Martina Barros

Martina Barros

Martina Barros Borgoño, eldest daughter of Manuel Barros Arana and Eugenia Borgoño Vergara, was born in Santiago on July 6, 1850, into a family with strong political, economic and social ties.

Martina Barros shared her childhood with her brothers -Manuel, Luis and Víctor- of her in the house of her paternal grandfather, Diego Antonio Barros, until the early death of her father due to a brain disorder. Once the misfortune occurred, they moved to the home of their uncle Diego Barros Arana (1830-1907), who assumed parental responsibility and took charge of the education of the four adopted children, but, especially, of the teaching of Martina, whom he educated rigorously and methodically. This privileged upbringing for a young 19th century woman imbued her early with an environment in which history and letters were present in every conversation.

In 1874, after six years of courtship, she married Augusto Orrego Luco (1849-1933) and was renamed Martina Barros de Orrego, the name with which she appears in most of her social appearances.

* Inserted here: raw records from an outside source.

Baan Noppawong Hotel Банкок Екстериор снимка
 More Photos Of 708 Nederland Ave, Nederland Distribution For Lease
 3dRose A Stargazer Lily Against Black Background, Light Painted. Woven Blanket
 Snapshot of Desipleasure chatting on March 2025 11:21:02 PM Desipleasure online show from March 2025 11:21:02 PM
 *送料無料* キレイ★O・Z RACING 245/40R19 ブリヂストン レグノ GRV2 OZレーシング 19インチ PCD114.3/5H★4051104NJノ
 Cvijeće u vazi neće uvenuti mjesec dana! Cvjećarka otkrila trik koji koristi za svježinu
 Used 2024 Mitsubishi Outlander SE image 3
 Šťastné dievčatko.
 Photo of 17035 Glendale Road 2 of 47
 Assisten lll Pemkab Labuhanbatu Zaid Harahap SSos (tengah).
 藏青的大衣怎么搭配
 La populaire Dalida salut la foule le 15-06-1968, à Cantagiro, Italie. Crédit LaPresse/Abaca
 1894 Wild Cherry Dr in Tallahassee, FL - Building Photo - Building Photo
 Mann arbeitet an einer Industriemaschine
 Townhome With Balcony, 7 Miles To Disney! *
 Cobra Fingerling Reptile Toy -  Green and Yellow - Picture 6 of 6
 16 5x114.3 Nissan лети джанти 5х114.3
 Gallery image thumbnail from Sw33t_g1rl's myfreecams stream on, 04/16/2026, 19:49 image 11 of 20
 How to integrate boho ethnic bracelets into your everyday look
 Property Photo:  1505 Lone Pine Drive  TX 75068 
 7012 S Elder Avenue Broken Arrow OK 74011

Martina Barros is considered the first Chilean intellectual and one of the precursors of feminism in Chile. Although her literary activity was confined more to reading than to the production of texts, she bequeathed an important translation of John Stuart Mill's work, The subjection of women (1869), a few lectures, an article, and an extensive volume of memoirs entitled Memories of my life (1942). With these first texts, she managed to install in her social circle discussions about the education of the women of the Chilean oligarchy and the female vote, permeating the political and literary spheres of her time with these liberal concerns. With this, she was also able to open the specific discussion on the spaces of freedom and decision of women in the social horizon of the XIX century, outlining some of the changes that would begin to take shape in the political horizon of the XX.

In the 1920s, her participation in the Ladies' Club raised anger among the social and intellectual circles of the time, those who saw, in the ideas that were raised there, a threat to the stability of the home and the family, articulating institutions of the society of the time. Liberal, Catholic and self-taught, she participated in the few spaces for cultural exchange at the time, salons and gatherings, and later, given the decline of these practices, she also collaborated with the Academy of Letters of the Catholic University.

The bet of the liberal feminism of Martina Barros advocated the liberation of women through the concrete demand for an education that is not differentiated between men and women, since, on the path towards equality, it was conceived, first, as a necessary step, "educate oneself to be free" (Castillo, Alejandra. "The aporias of a liberal feminism." In Barros, Martina. Prologue to the Slavery of Women. Santiago: Palinodia, 2009, p. 10).

Barros's aspirations succeeded in sowing in the intellectual elite of the time a concern that until then had not been actively and systematically problematized publicly. In this sense, Martina Barros contributed to generating discursive conditions so that the itch for autonomy and gender awareness would gain strength and bear fruit in the first movements of women's social and political demands at the beginning of the 20th century.